THE TASK: From the records below, print only the part that opens with the line containing "Gray Velvet Loveseat-2" and closes with the line containing "1957 Topps #77"; omit the pictures.

PROVIDED RECORDS:

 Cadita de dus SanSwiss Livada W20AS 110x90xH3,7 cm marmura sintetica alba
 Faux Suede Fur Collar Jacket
==
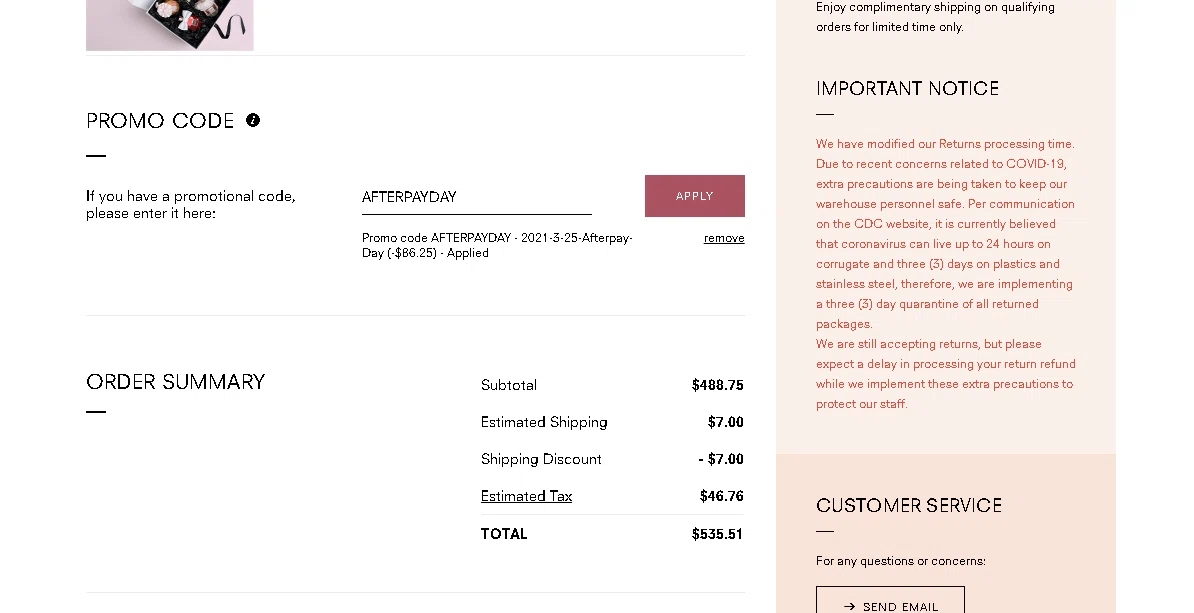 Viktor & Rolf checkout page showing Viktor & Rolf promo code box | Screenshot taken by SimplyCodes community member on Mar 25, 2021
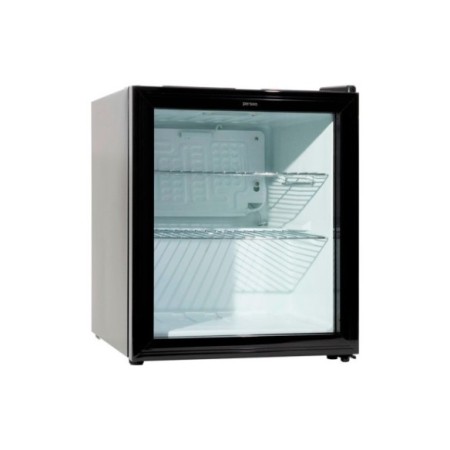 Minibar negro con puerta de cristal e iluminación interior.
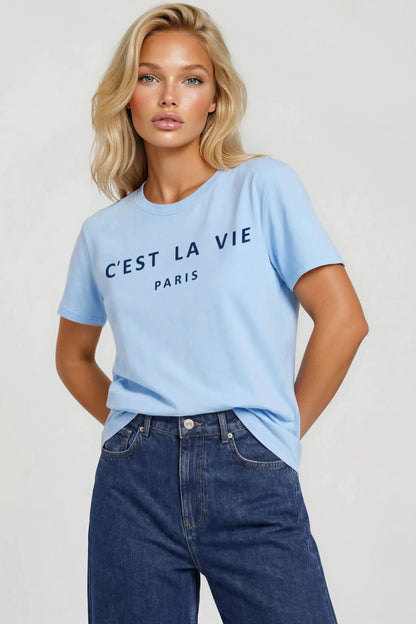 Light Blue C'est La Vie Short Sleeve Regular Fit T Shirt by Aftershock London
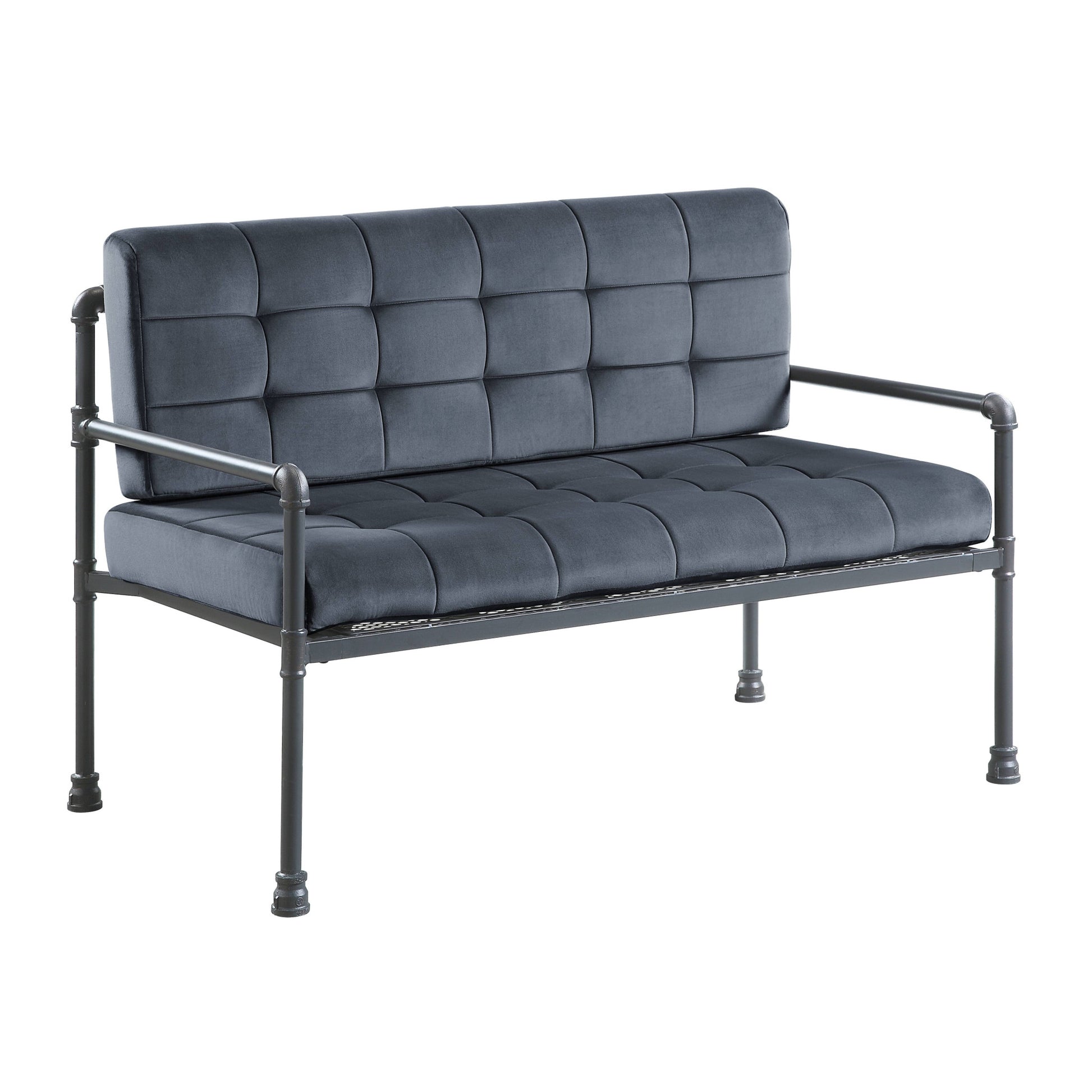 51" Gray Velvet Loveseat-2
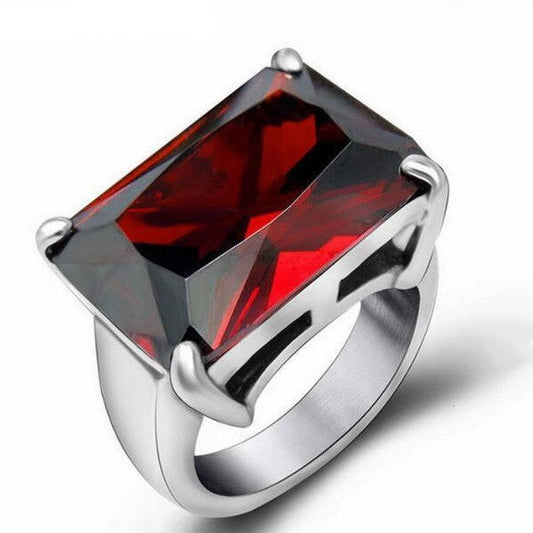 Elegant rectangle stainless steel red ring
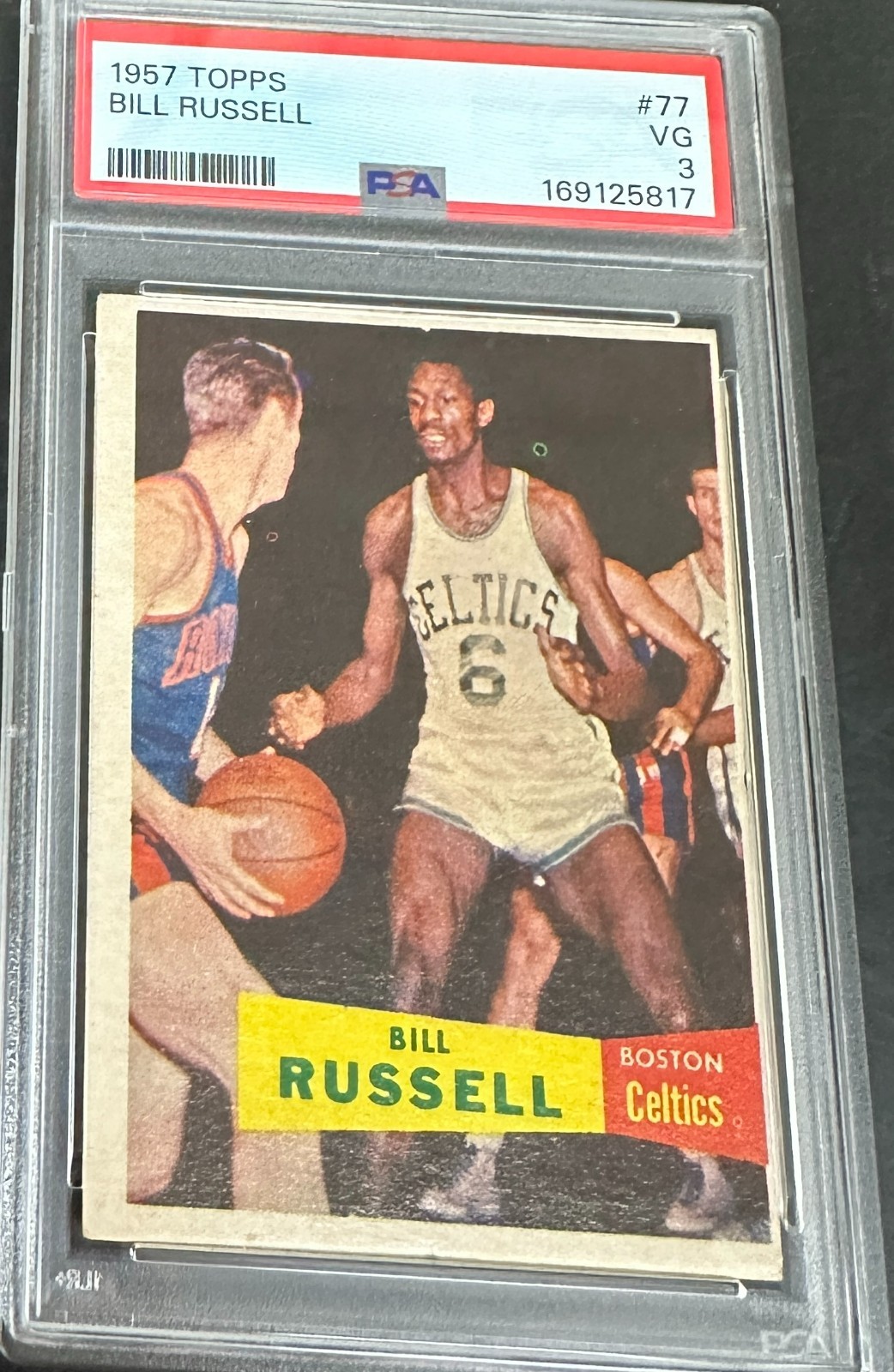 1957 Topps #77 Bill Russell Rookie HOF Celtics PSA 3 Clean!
* * *
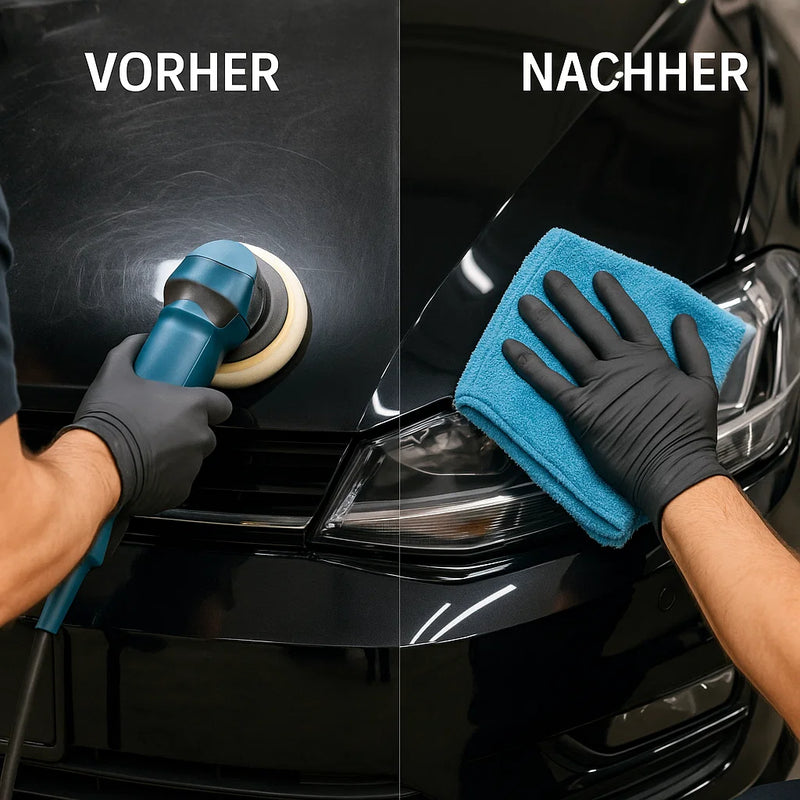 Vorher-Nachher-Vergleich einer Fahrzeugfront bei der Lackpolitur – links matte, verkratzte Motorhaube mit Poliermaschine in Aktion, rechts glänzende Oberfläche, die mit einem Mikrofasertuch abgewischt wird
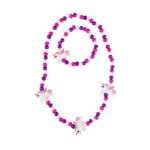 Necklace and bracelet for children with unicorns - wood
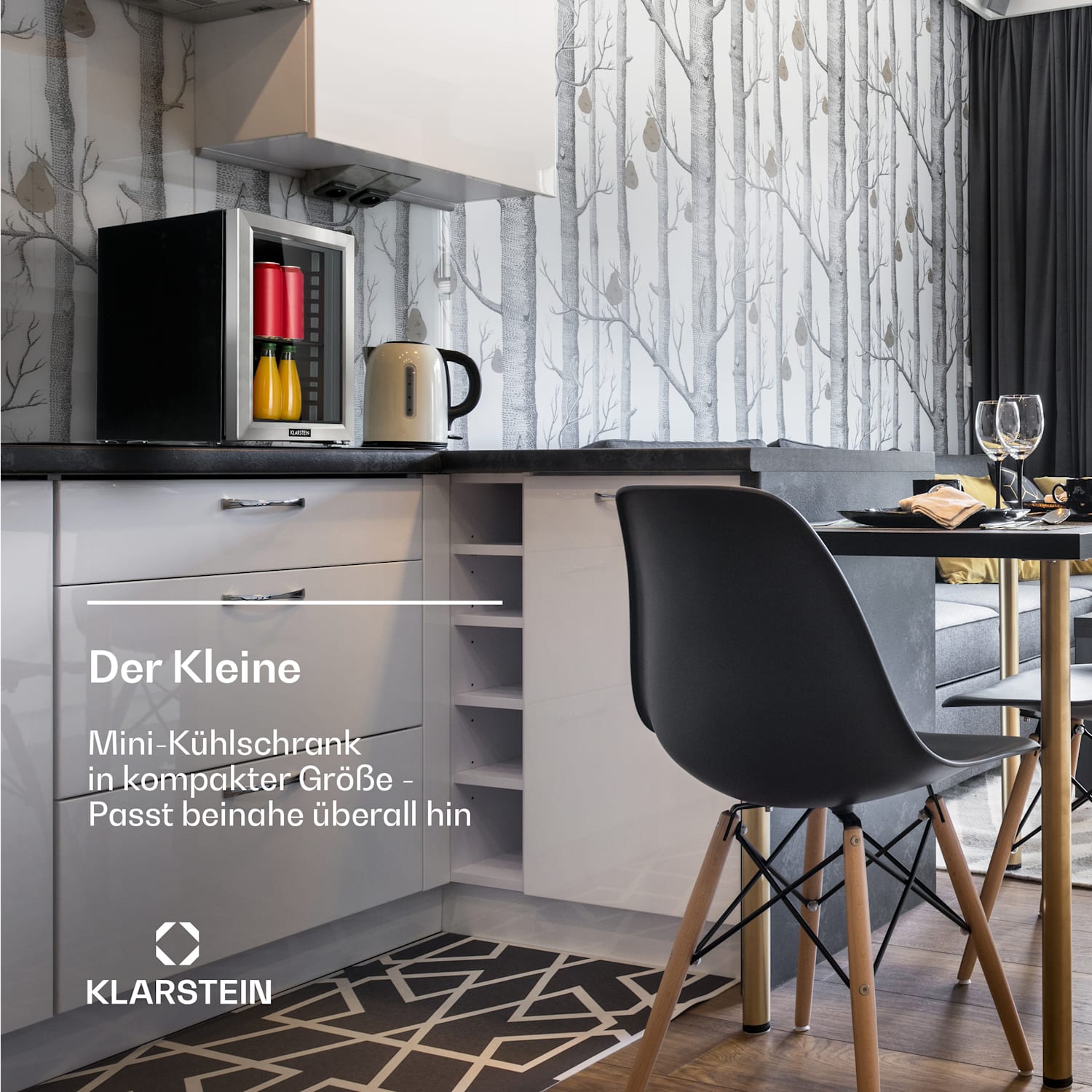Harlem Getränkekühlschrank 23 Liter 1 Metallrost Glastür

WRITTEN RESPONSE:
 51" Gray Velvet Loveseat-2
 Elegant rectangle stainless steel red ring
 1957 Topps #77 Bill Russell Rookie HOF Celtics PSA 3 Clean!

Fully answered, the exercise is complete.